The particle size distribution of the abrasive is as follows:

The abrasive therefore consists of approximately 70% grains in the range between 0.5 mm and 0.1 mm.

Although an abrasive of the listed composition has a significantly larger total iron content than, for example, zircon sand used for comparison (total iron content only about 0.2% by weight), its use for blasting stainless steels on these does not lead to extraneous rust formation if the melt chamber slag granulate serving as the starting material , which has been converted into a sufficiently comminuted raw material, the metallic iron is essentially removed beforehand by magnetic separation.

The manufacturing method according to the invention described at the outset can in particular be further developed in that the raw material is additionally subjected to a drying process at a suitable point in time, in particular also simultaneously with or after the magnetic deposition.

The blasting agent produced using the melt chamber slag granulate is also free of silicosis, since it has an SiO ₂ or quartz content of approximately 0.4 to 0.5%. A content of free, crystalline silica = quartz is allowed up to 2%.

Claims (5)

1. Manufacturing process for a silicosis and iron-free blast material for surface treatment, in particular of Austenitic steels, with a maximum grain size of 0.5 mm, made of crushed smelter slag granulate from hard coal combustion, characterized by crushing of the smelter slag granulate to the desired size before the raw material (with a maximum total iron content of approximately 7% by weight, primarily occuring as iron silicate and iron aluminate) undergoes magnetic separation, resulting in a maximum metallic iron content of 0.1 % by weight.

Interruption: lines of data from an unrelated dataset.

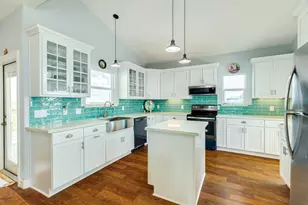 2032 Bluewater Hwy, Surfside Beach, TX 77541 - Photo 23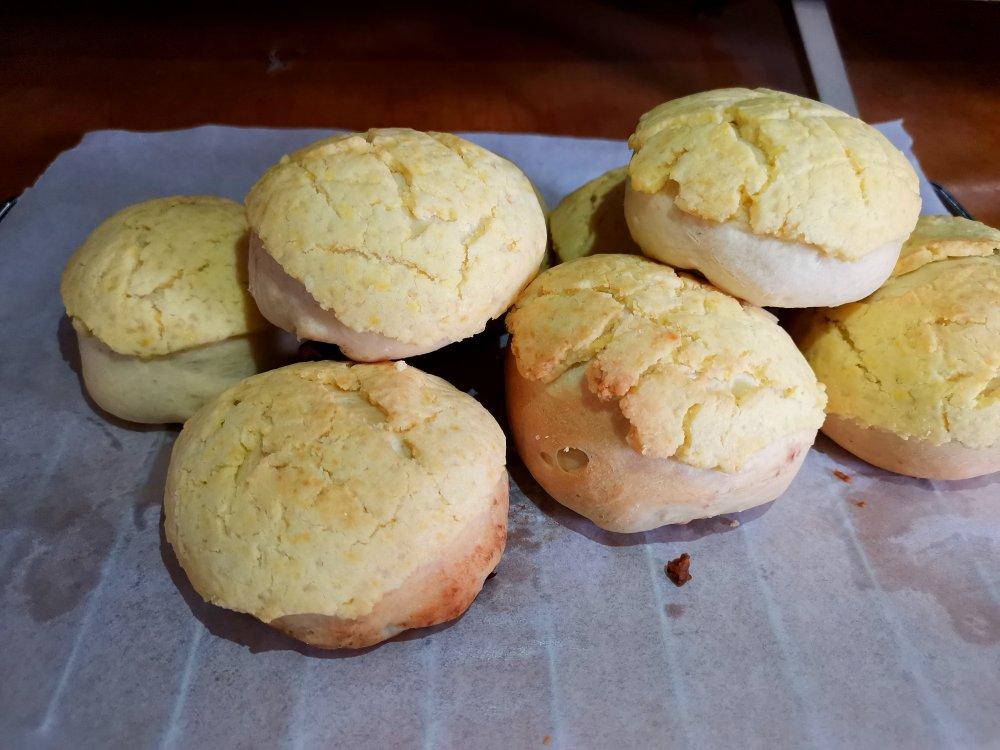 一次发酵直接法～酥脆掉渣菠萝酥皮包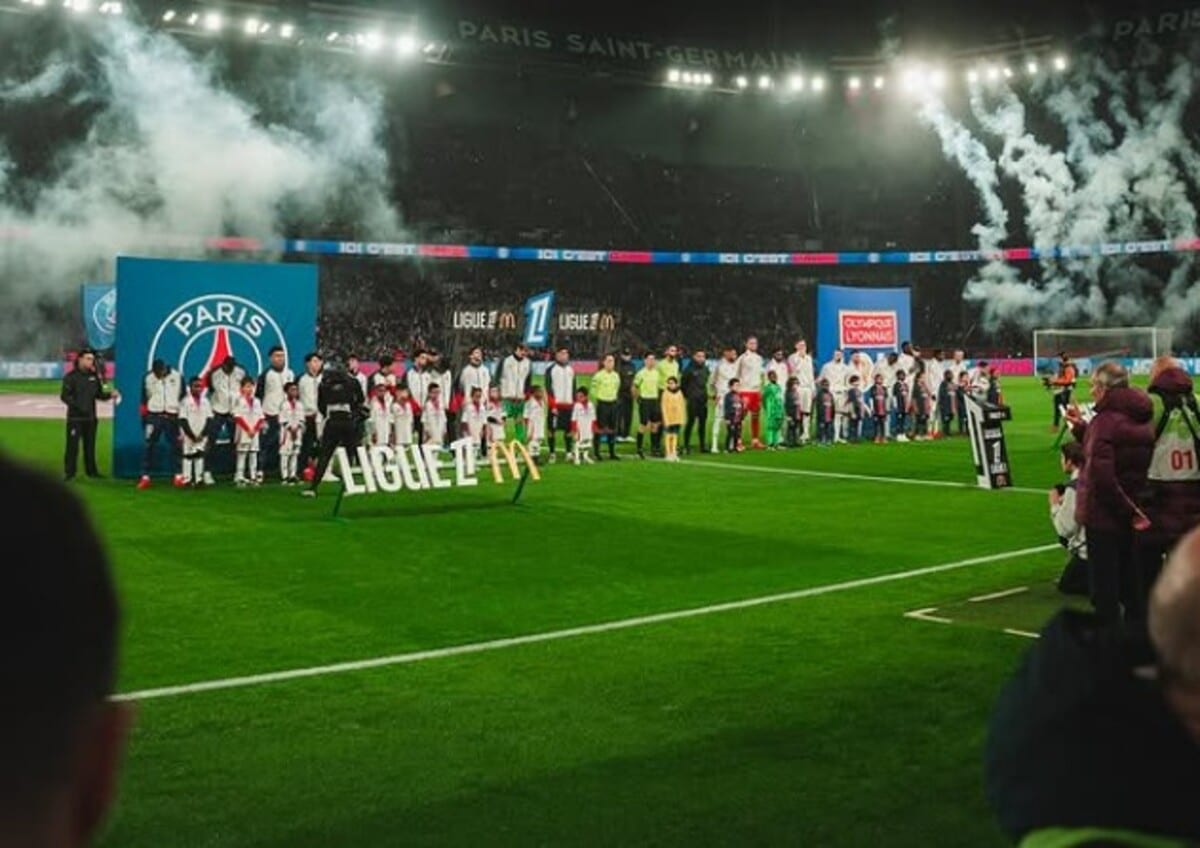 Vers la fin de la ligue 1 ? Le foot français connaît de grosses difficultés !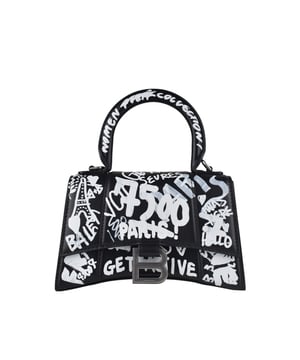 Bolso Balenciaga Hourglass XS graphity.Piel efecto negro.Estampado graphity blanco en todo el bolso.Logotipo B  Balenciaga  grabado en metal en la parte delantera.Asa de transporte grande.Bandolera desmontable y ajustable.Solapa delantera con cierre a presión.Tamaño: 19 cm x 13 cm x 8 cm.Tamaño pequeño.Made in Italy.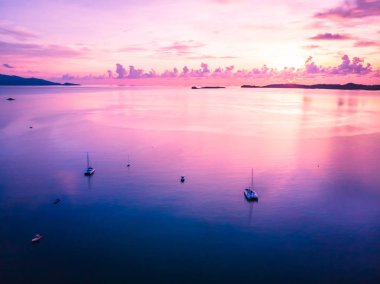 Güzel tropikal plaj ve deniz hurma ve koh samui Adası Tayland tatil ve seyahat için günbatımı zaman diğer ağacında havadan görünümü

2. Process according to claim 1, characterized by the smelter slag granulate being crushed before magnetic separation into a raw material with a maximum grain size of 0.25 mm.

3. Process according to either of the claims 1 or 2, characterized by the smelter slag granulate as the raw material being crushed before magnetic separation into grains with a size primarily ranging between 0.06 and 0.25 mm.

4. Process according to one of the claims 1 to 3, characterized by the total iron content of the raw material prior to magnetic separation being not more than approximately 6%, preferably 5.5% by weight.

5. Process according to one of the claims 1 to 4, characterized by the layer of raw material subjected to magnetic separation being at most in the order of five times (preferably two to three times) thicker than the maximum grain size.